Capital is so important to growing a business. If you don’t have what you need for your business’s development, all you’re doing is paying your bills and just getting by. Having enough working capital to pay those bills on time every month is important, but to take your business further, it’s growth capital you should be paying close attention to. To do that, you have to understand how growth capital works, what it does, and how it helps your company develop from a small business to something much larger and stronger.
There are three primary sources of growth capital for a small business:
1. Equity capital from the founder(s) and/or outside investor(s).
2. A combination of operating cash flow and profits left in the business, aka, retained earnings.

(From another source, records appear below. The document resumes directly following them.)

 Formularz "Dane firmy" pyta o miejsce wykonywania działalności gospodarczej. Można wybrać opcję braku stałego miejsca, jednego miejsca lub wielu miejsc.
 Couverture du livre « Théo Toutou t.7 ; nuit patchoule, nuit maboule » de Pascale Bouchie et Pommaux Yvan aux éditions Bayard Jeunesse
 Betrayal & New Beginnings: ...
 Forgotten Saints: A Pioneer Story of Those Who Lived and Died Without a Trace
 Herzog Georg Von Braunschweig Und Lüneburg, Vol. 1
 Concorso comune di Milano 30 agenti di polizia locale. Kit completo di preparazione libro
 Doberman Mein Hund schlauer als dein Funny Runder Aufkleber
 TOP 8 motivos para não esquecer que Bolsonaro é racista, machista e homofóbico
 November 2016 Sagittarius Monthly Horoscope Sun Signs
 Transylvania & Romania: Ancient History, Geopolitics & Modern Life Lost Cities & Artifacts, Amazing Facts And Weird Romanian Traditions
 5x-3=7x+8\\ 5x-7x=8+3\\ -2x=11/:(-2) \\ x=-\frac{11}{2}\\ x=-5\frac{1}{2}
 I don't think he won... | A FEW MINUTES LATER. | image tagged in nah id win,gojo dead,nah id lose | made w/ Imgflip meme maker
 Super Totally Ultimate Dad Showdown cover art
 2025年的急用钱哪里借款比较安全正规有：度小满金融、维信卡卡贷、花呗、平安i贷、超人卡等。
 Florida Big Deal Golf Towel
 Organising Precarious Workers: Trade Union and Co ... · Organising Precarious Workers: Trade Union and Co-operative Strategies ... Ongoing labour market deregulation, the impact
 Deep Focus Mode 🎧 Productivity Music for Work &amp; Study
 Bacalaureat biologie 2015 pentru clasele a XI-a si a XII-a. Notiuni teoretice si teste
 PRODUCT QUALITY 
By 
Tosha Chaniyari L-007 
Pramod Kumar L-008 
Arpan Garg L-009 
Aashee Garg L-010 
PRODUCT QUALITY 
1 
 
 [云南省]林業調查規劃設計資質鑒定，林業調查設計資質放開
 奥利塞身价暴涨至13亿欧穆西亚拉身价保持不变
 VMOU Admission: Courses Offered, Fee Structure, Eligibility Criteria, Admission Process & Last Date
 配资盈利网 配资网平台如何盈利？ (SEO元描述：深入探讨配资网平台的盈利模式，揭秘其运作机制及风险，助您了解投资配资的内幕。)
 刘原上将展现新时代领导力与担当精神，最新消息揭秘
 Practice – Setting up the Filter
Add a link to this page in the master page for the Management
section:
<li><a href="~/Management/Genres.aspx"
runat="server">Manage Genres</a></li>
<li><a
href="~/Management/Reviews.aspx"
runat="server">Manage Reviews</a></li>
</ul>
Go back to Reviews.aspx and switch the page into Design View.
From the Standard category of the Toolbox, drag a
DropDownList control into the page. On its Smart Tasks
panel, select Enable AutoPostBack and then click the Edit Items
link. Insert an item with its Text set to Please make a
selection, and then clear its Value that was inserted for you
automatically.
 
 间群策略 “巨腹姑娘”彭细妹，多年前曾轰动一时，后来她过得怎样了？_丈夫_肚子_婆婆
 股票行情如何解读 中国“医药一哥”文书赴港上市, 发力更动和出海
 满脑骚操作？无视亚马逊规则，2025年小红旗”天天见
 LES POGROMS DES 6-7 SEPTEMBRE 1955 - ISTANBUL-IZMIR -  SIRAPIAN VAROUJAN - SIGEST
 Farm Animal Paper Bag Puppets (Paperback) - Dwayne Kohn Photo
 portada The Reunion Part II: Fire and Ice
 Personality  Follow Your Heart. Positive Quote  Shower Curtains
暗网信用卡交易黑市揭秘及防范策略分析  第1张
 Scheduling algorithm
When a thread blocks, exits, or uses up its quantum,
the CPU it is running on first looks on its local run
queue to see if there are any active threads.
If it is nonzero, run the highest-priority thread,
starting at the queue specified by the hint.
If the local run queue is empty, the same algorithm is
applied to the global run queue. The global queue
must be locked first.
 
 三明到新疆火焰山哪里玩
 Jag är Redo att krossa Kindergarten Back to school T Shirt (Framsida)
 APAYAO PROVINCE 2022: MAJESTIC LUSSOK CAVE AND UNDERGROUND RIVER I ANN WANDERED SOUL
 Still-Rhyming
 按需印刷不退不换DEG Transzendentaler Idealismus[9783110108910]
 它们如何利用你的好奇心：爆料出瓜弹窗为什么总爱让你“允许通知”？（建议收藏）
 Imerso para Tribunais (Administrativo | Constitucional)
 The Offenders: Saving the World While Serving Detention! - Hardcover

3. Borrowed funds, typically from a lender or bank.
It can take time to see a business develop, but with the right amount of growth capital, that development is certainly possible. Too many business owners fail to understand the difference between working capital and growth capital, which can mean that they don’t spend enough time developing their growth capital the way they should. When it comes time to expand the business, there isn’t any money available for that expansion, so the business can’t develop the way it needs to in order to keep up with the competition. That can have devastating effects on a company that would otherwise be very successful, and it’s something any company needs to avoid.
What Is Growth Capital?
Unlike working capital, which is used for bills and basic, cyclical expenses, growth capital isn’t tied to any particular business cycle. Instead, growth capital is designed to provide long-term health for the business. It builds up over time, and can ensure the business’s well-being. Once a business decides that it is going to make a major change, like an expansion, adding another location, or a merger with another company, growth capital will come into play and be used. These kinds of changes are very expensive, but they are not recurring expenses that are going to be seen every month. Since they aren’t recurring, they don’t come out of working capital.
Without a growth capital fund to pull from, however, a business can’t really accomplish anything beyond its day to day operations. There will not be any expansion when there isn’t any growth capital to use, this generally comes about from poor financial planning and can be profoundly damaging to a small business.
Probably the single most common method for funding business growth is by obtaining a small business loan. However, there are a number of different options that come with small business loans, and in order to choose the right one, you need to understand which loans work best with what type of enterprise. You should take into consideration the type of operation, size of the business in terms of staff and assets, and overall monthly or yearly return. Exploring options for loans can even clue you in to loans that are specifically designed for your type of enterprise. Loans can be either long-term or short-term, and each have their particular uses. Small business loans are usually very reliable, making them a great option for business financing available to small business owners. You can put a small business loan “to work” immediately for your business, whether it means meeting payroll for a few months, negotiating a great deal on inventory for paying in cash or hiring and training those new employees you need.
Many small businesses owners are hesitant to issue equity or take out loans to fuel business growth. However, businesses may find that operations stagnate without an extra capital injection. When your competitors continue to expand and develop and your business can’t do the same, you can quickly end up without enough customers to keep your doors open. A lack of growth capital can translate into a lack of working capital, because the business is not able to keep up with the kinds of things it should be doing in order to compete in its market.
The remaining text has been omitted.